One of Koschaker’s central ideas from the thirties onwards with regard to the study and teaching of Roman law was based on the criticism of the so-called Historisierung of Roman law.

In Die Krise, Koschaker found fault with both the trend of the antike Rechtsgeschichte and the trend of the study of interpolations; his harshest disapproval was addressed to the antike Rechtsgeschichte - among whom he considered Ludwig Mitteis as a pioneer of this scientific trend -, whereas with regard to the study of interpolations he essentially disapproved of its radicalisation.[710]

In Koschaker’s eyes, the antike Rechtsgeschichte was responsible for having transformed Roman law into a subject for antiquarians, removed from the needs of modern legislations and jurists. When considering the content of this partially distinct judgment on the antike Rechtsgeschichte compared to his opinion of the interpolationism, it should be remembered that, from the first decade of the 20th century onwards, Koschaker himself applied the new methodology developed by the interpolationists to many of his works.[711] What is more, he even adopted the tools of the interpolationism not only in his Roman law research, but also in his studies on laws of antiquity. Just to give an example, in more than one chapter of his publication Rechtsvergleichende Studien zur Gesetzgebung Hammurapis, Koschaker devoted several pages to the research of interpolations in the text.
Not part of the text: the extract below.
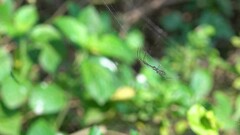 Leucauge decorata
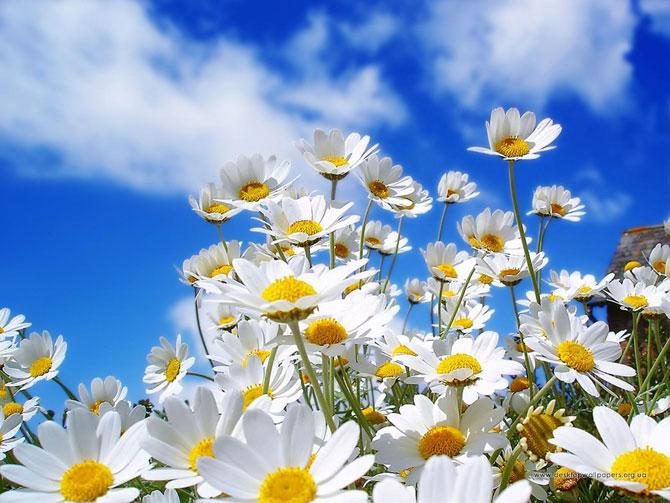عکسهای گلهای زیبای بهاری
In the field of Roman law, he offered a first sample of work focusing on the research of interpolations in 1917, but in other articles or reviews followed over the years, Koschaker demonstrated an inclination for the textual criticism thanks to his remarkable philological skills.[712]

As was previously pointed out, his approach towards the two trends of the Historisierung of Roman law began to change meaningfully from the thirties onwards.

The first target of Koschaker’s publicly negative remarks was the Interpolationism, which he attacked on the occasion of the obituary for Gradenwitz.[713] As he explained in the text, the Interpolationism had reduced itself trifling research into the interpolations contained in the texts of Justinian’s Compilation, after its own radicalisation. The interpolationists thus paid no attention to the rationale that formed the basis of the textual alterations, nor for that matter, the distinction between formal and substantial alterations, or again the understanding of the historical development of the institutes that might have proved useful in comprehending the grounds for the interpolations they had discovered.

The Interpolationism only had reason to exist if the “deconstructive moment” of the research - i.e. the actual research into textual modification and the analysis of the text - was then followed by a “reconstructive moment”, identifying the reasons for the interpolation and the dogmatic depiction of the institute or the legal rule. Koschaker considered this as the only really commendable method of proceeding.[714] As he wrote in a letter to Riccobono on 22nd January 1930, he considered the latter an example of positive textual criticism (the so-called “critica testuale”) thanks to his works and his approach to the sources.[715] In his letter, Koschaker praised the Italian scholar who had identified the correct methodological basis for Interpolationism and given it the role that it deserved, namely that of an aid (Hilfsmittel) in the investigation of legal problems.[716]

Under these circumstances, it may appear strange that Koschaker generally reserved a positive judgment to the works of some non-German interpolationists,[717] and in particular Emilio Albertario.[718] In fact, Koschaker praised his Italian colleague and friend above all for his approach that was not merely “deconstructive”, and his capability to offer a dogmatic-systematic depiction of legal institutes.

According to Koschaker, Albertario succeeded in developing a rational reconstruction of legal problems through his studies, after having analysed the texts of the sources. In his review of Albertario’s Studi di diritto Romano, Koschaker wrote ineed that it was a brilliant work.[719] Despite the fact that stark controversy existed at that time between Albertario and Riccobono - the essence of which related to their divergent views of Interpolationism - it was commonly known that Albertario was one of the most radical representatives of the Interpolationenforschung, and not only within the Italian scenario.[720] In this light, therefore, the praise of Albertario’s works might seem somewhat quirky, and it also makes Koschaker’s approach to German interpolationists rather peculiar.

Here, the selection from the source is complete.